Paste And Match Style is not the answer

Every once in a while, I stumble upon a long thread in a random corner of the internet where someone discovers Paste And Match Style, and everyone erupts in applause. “Yeah, it’s a life saver.” “I use it all the time.”“I can’t believe this isn’t the default!”

Then, inevitably someone chimes in: “Oh yeah? I can show you how to make it the default.” And they explain how to wire ⌘V to use Paste And Match Style.

And I always get worried seeing that.

I believe this is the core problem people are bothered by before discovering PAMS – when you copy and paste from another doc, you inherit its style/​visual appearance:

And Paste And Match Style, well, does what it promises:

This feels nice. So, what’s the problem? The problem is that PAMS is drunk with power and flattens everything on its way:

That includes:

  • emphasis by italics or bolding
  • links
  • bulleted and numbered lists
  • strike-through text
  • headlines

None of these are “style.” This is actual information that should not be removed. If you wire PAMS as your main ⌘V shortcut, or even if you use it occasionally, you might remove valuable data from text you’re moving around, without even noticing.

(And if you do notice, the frustrating irony is that recreating the information lost in transit – for example, re-linking things one by one – is often more work than fixing the style would be.)

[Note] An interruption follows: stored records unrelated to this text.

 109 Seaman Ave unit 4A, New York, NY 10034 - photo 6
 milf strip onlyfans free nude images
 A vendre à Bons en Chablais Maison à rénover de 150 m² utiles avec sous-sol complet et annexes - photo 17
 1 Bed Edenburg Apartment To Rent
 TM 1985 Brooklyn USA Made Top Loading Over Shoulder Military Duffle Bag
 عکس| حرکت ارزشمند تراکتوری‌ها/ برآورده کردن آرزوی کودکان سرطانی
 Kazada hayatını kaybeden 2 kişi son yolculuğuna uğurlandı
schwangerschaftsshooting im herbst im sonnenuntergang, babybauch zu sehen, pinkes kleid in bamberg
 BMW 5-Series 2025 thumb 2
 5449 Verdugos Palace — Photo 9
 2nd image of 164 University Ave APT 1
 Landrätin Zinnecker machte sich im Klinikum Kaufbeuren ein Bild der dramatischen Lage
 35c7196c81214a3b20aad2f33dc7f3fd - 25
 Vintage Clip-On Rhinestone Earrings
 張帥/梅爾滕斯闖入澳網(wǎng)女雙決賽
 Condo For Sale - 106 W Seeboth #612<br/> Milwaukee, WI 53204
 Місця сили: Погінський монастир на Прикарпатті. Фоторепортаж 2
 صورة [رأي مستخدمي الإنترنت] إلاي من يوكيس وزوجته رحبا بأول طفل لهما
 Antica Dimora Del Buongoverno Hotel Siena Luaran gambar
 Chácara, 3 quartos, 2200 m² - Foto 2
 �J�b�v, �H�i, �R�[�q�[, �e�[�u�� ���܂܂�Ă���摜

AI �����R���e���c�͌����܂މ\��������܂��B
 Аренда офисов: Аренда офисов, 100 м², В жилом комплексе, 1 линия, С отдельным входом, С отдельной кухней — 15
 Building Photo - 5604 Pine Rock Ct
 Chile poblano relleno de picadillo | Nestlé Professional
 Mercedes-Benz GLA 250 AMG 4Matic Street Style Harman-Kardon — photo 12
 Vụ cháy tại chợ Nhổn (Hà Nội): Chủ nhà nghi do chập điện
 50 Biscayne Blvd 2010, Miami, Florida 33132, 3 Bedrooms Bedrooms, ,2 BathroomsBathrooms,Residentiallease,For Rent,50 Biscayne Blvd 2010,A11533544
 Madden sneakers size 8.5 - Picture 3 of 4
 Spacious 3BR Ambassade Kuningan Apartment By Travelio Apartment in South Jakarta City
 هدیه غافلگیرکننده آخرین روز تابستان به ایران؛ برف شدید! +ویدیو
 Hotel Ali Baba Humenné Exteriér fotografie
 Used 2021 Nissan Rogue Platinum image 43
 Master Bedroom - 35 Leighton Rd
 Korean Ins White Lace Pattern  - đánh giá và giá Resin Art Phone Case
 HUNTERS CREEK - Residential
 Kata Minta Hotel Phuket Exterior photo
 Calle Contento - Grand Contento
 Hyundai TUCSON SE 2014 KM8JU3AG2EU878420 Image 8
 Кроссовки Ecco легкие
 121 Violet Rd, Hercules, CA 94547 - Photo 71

If you are designing an app that handles rich text, here’s what I have seen others do:

  • Do not have styles to begin with. If you use Notion, Dropbox Paper, Medium, or anything that relies on Markdown, they give you no way to customize fonts, colors, letter spacing, and so on, so regular superliteral Paste has a limited blast radius and works well:
  • Have a very strong center of gravity toward the default style. Apple Notes does this well. Use Notes for years, paste into it from all over the world, and you might never realize it allows you to change fonts and colors. Its default Paste removes style, but it doesn’t remove any valuable information like links or bullet points.
  • Notes also introduces a shortcutless Paste And Retain Style as a third option after a “semantic” paste (which keeps data and removes style) and PAMS (which removes everything), for those who really want to paste extremely literally:
  • Word has Paste And Match Formatting that seems to be what Notes does by default, but it’s not the default:
  • Help users understand the options they have more. For example, Word offers a little post-paste menu. I don’t personally love (it doesn’t have a preview + it doesn’t remember my preference + the options are scary), but it uses better-than-default language like Keep Text Only, and it protects people from the harrowing backrooms of its own Paste Special:
  • Have some contextual rules – for example Figma does things differently depending on whether you paste into a new text box (preserve style), or a text box that’s already filled (match formatting).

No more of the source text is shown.